> **Collected data**
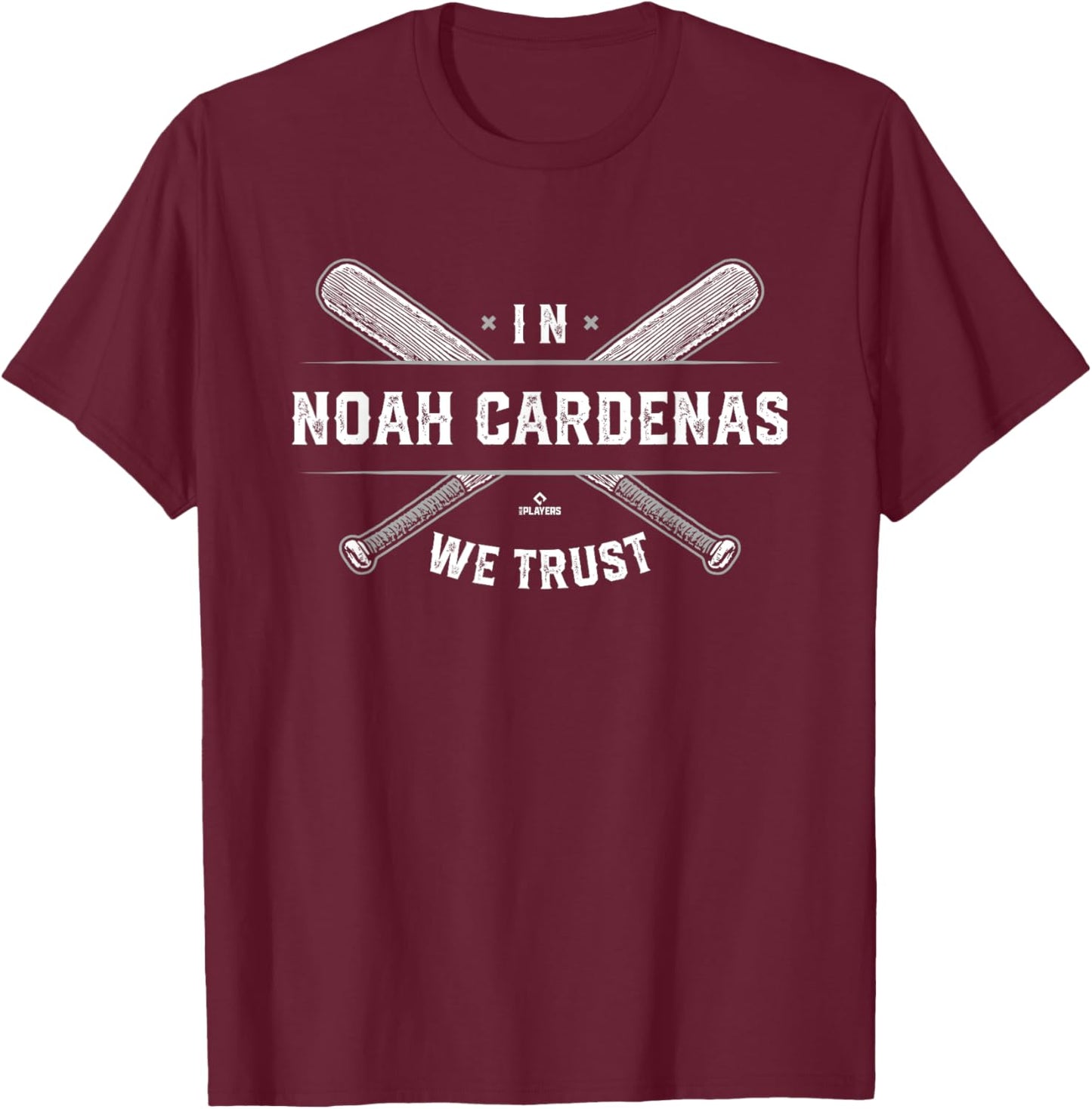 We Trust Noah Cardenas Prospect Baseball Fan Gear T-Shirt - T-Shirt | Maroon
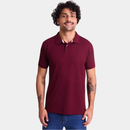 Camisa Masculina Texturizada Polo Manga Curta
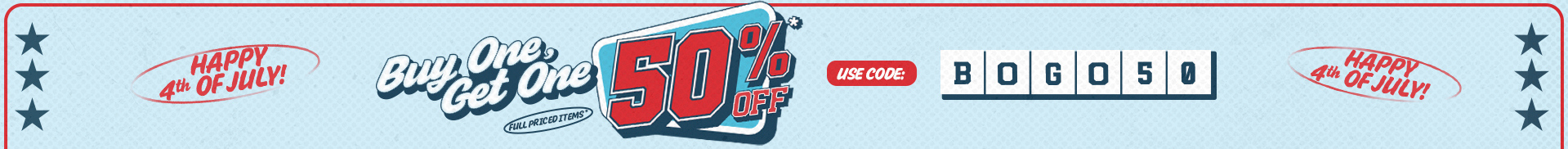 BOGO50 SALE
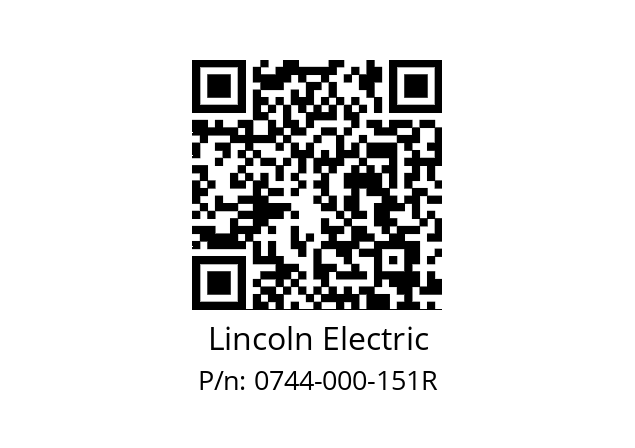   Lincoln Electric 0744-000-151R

> **How to complete this task**
Exactly the lines from the one containing "Camisa Masculina Texturizada" through the end of the data above: repeat those, both ends included, and nothing else. Skip the pictures.

> **The completed task**
 Camisa Masculina Texturizada Polo Manga Curta
 BOGO50 SALE
   Lincoln Electric 0744-000-151R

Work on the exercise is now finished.